Exercise brief:
The stretch wanted below opens at the line containing "Midcentury Bamboo and" and closes at the line containing "How to Draw". Please return it exactly, with no other lines.

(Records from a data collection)
*****

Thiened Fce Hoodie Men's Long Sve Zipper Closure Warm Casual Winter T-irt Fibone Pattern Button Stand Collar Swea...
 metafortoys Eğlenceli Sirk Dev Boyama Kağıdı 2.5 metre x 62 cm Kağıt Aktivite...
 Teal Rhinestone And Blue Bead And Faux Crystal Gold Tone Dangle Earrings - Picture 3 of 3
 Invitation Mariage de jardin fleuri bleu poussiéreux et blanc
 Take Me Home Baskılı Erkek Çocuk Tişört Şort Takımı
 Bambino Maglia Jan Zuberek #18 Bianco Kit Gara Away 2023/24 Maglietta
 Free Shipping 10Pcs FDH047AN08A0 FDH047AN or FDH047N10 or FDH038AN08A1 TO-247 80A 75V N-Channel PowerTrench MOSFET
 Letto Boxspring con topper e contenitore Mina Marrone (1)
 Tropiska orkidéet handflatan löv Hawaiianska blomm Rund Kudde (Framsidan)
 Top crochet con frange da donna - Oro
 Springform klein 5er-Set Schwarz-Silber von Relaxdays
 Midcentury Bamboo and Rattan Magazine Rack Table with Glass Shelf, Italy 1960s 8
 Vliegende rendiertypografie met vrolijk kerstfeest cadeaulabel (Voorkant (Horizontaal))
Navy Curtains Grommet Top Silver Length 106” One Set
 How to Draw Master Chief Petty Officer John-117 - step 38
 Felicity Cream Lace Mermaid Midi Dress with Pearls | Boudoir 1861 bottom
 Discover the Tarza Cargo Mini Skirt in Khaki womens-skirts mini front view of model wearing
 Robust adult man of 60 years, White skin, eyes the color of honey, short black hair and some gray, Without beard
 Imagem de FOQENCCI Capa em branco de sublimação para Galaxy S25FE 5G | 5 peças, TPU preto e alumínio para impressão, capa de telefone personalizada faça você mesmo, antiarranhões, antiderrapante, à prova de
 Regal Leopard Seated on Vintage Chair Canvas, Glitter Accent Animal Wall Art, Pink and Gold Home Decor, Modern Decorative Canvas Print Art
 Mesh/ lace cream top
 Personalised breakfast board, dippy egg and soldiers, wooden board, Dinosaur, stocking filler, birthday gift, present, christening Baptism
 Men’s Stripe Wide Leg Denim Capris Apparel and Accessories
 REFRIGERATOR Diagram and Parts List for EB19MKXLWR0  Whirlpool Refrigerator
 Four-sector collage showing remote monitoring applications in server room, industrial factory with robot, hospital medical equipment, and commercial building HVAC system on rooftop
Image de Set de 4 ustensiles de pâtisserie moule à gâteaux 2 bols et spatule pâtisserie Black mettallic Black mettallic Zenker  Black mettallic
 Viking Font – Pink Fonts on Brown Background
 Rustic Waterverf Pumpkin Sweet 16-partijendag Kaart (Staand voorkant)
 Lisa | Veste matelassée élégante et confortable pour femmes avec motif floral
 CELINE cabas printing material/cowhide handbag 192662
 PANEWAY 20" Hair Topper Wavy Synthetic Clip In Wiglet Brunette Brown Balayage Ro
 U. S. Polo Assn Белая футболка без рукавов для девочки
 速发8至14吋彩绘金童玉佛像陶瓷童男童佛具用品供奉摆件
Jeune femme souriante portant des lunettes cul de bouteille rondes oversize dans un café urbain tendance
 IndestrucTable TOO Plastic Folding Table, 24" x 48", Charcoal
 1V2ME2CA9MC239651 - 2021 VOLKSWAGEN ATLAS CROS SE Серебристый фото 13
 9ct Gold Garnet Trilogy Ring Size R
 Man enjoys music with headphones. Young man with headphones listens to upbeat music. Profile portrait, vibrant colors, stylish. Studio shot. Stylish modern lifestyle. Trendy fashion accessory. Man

*****

Written solution:
 Midcentury Bamboo and Rattan Magazine Rack Table with Glass Shelf, Italy 1960s 8
 Vliegende rendiertypografie met vrolijk kerstfeest cadeaulabel (Voorkant (Horizontaal))
Navy Curtains Grommet Top Silver Length 106” One Set
 How to Draw Master Chief Petty Officer John-117 - step 38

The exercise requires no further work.